*What to produce*.
With the line containing "Gold necklace with" as the starting point, output every line of the data below through its final line, character for character.

━━━━━ Information ━━━━━

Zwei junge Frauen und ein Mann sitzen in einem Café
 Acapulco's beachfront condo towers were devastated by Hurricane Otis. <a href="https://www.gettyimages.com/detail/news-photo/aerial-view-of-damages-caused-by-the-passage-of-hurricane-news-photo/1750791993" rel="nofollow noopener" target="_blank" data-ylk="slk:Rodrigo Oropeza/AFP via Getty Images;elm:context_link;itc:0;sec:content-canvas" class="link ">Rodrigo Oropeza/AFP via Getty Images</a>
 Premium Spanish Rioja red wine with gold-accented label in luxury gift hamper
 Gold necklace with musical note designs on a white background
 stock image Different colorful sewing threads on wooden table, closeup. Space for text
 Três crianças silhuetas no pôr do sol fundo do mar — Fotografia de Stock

━━━━━

*Finished exercise*.
 Gold necklace with musical note designs on a white background
 stock image Different colorful sewing threads on wooden table, closeup. Space for text
 Três crianças silhuetas no pôr do sol fundo do mar — Fotografia de Stock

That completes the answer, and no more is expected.